- **DATA BELOW**:
[Start of Attachment]

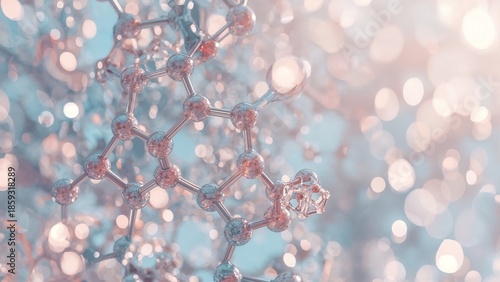 Complex Molecule, Hyper Detailed Interconnected Atoms, 3D Molecular Structure Background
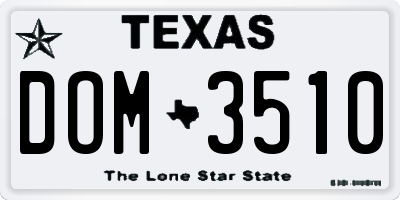 TX license plate DOM3510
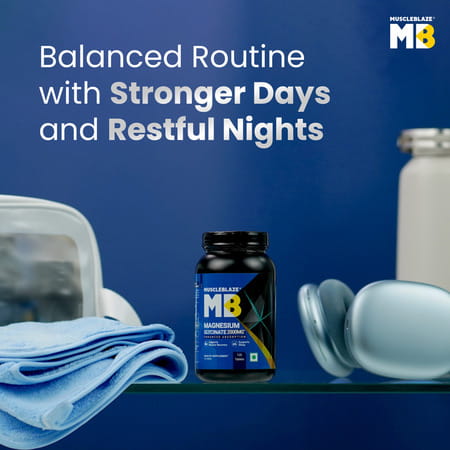 Muscleblaze Magnesium Glycinate 2000mg (440mg Elemental Magnesium) | 120 Tablets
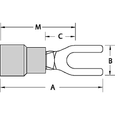 Thomas & Betts RB14-10F T&B RB14-10F Ins Nyl Fork Term 18-14 #10 Blue, 100 Pack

[End of Attachment]

- **WHAT IS BEING ASKED**: When you repeat the listing, keep it exact and leave the pictures behind.

- **ANSWER BELOW**:
 Complex Molecule, Hyper Detailed Interconnected Atoms, 3D Molecular Structure Background
 TX license plate DOM3510
 Muscleblaze Magnesium Glycinate 2000mg (440mg Elemental Magnesium) | 120 Tablets
 Thomas & Betts RB14-10F T&B RB14-10F Ins Nyl Fork Term 18-14 #10 Blue, 100 Pack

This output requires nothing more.